Una Roma sonnacchiosa mi accompagna velocemente a piazzale Clodio in questi giorni post natalizi, sono in auto e trovo parcheggio con facilità.
I carabinieri di guardia, all’entrata della Corte di appello, mi salutano cordialmente ed entro nel palazzo di giustizia, dove ogni giorno si esercita la giurisdizione che vede sempre più spesso tra i suoi protagonisti persone con disagi sociali.
Si tratta di persone alle volte affette da una condizione di particolare fragilità psicologica, bisognevoli di interventi terapeutici di reinserimento sociale, più che di risposte dettate da norme repressive che creano una palpabile disparità tra reati della cosiddetta criminalità da strada con quella dei colletti bianchi.
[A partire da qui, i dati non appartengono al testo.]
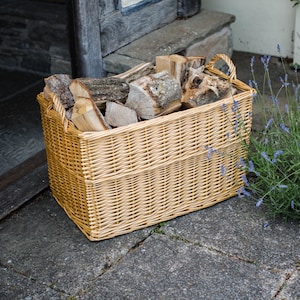 May include: A rectangular wicker basket in a light brown hue, filled with logs of firewood. The basket features two curved handles and is placed on a stone patio near a doorway. The wood is a mix of light and dark brown.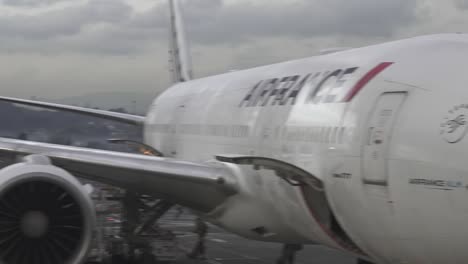 Jet-De-Air-France-777-Estacionado-En-La-Puerta-Del-Aeropuerto-Mientras-Carga-Carga,-Tiro-Pan-Izquierdo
Entro nell’aula e saluto la giudice, persona austera sempre molto curata con un volto mai sorridente.
Diciamo che è la giudice che conferma ogni giorno quanto scrisse Durrenmatt: “non occorre che un giudice sia giusto”.
Iniziamo la convalida dell’arresto e l’agente operante illustra quanto avvenuto, una sorta di refrain che si ripete nelle aule delle direttissime: “Siamo intervenuti perché chiamati dalla sala operativa, allertata dal personale del supermercato, per un furto e abbiamo proceduto ad identificare un uomo e una donna che erano stati fermati subito dopo le casse dal personale della sicurezza, avevano ancora indosso la refurtiva che consisteva in due confezioni di parmigiano, due di bresaola, una crema da viso per donna e una confezione di profumo”.
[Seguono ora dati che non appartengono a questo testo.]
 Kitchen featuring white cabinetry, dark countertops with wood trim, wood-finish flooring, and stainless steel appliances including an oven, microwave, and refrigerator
Mentre ascolto l’agente, con la coda dell’occhio vedo la mia assistita accarezzare un dito dell’uomo arrestato con lei.
La conosco da più di vent’anni e la vita non le ha mai sorriso: prima mamma giovanissima, poi compagna di un uomo violento fuori e dentro le mura di casa.
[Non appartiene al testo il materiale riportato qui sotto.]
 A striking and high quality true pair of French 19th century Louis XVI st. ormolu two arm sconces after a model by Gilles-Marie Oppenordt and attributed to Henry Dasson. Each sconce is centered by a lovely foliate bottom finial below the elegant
Ho difeso il suo ex marito in tanti processi per reati seri e da circa sette anni vengo nominato anche da lei che è riuscita ad affrancarsi dalla violenza domestica ma ha scelto di vivere in strada ed ha trovato nell’alcool un sostegno che non ha trovato negli uomini.
La vita di stenti è evidente nel suo volto e nel suo abbigliamento e il percepire che c’è un nuovo feeling nel suo cuore mi rallegra.
La giudice dopo averle elencato i suoi diritti le chiede se vuole rispondere sul fatto e al suo assenso gli chiede con voce autoritaria: “Se ha rubato per bisogno come dice, perché ha sottratto anche una crema e un profumo?”
L’imputata non si scompone e risponde con un filo di voce: “Giudice … sono sempre una donna”.
Le due si guardano negli occhi in silenzio e una vibrazione positiva percorre l’aula.
Il processo si conclude con un rito abbreviato e la giudice è insolitamente mite nella commisurazione della pena, deve aver fatto tesoro di quelle parole.